**Instructions to follow**:
Every line of the listing must be reproduced as it stands. Leave the images behind.

++++ Data shown

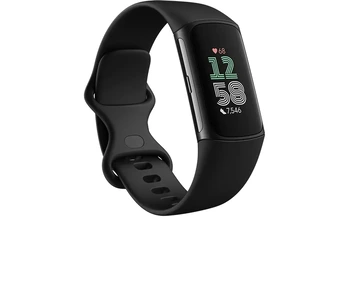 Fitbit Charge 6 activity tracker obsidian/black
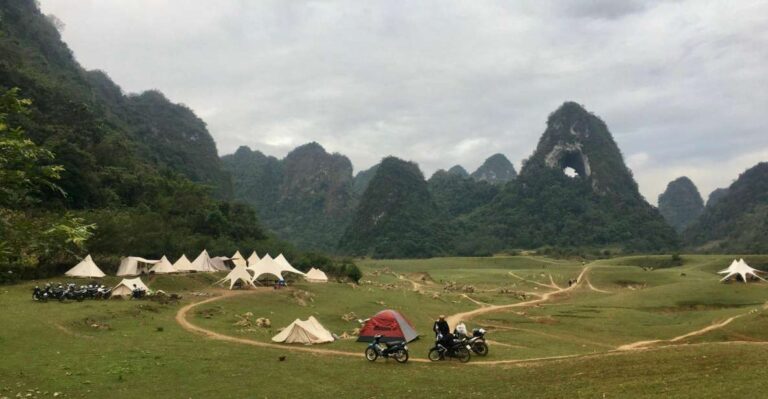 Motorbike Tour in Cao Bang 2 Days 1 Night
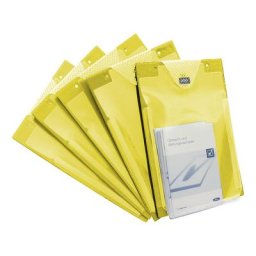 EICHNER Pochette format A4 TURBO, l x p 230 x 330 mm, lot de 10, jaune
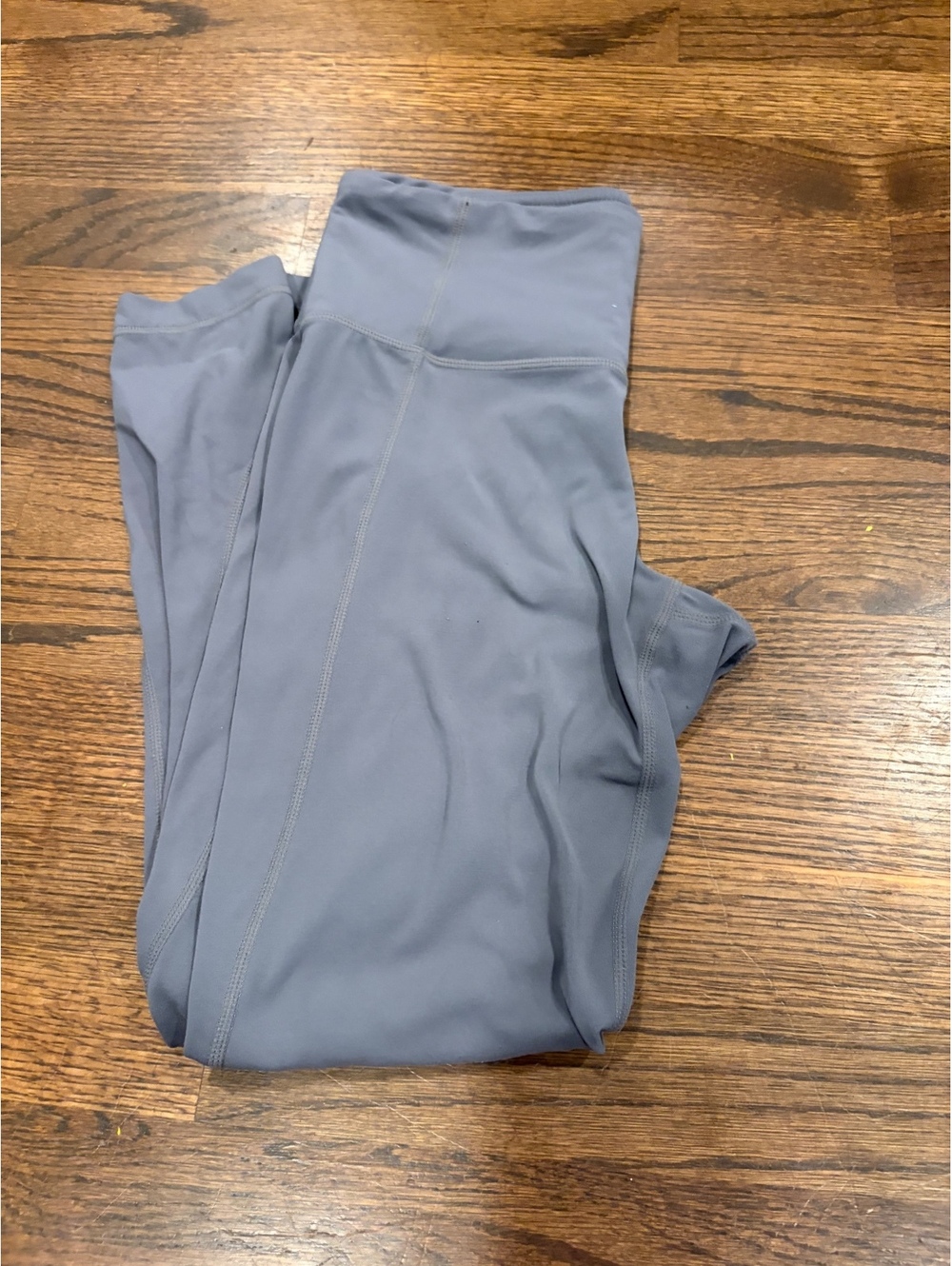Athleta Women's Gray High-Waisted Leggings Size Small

++++++++

**Answer to this task**:
 Fitbit Charge 6 activity tracker obsidian/black
 Motorbike Tour in Cao Bang 2 Days 1 Night
 EICHNER Pochette format A4 TURBO, l x p 230 x 330 mm, lot de 10, jaune
Athleta Women's Gray High-Waisted Leggings Size Small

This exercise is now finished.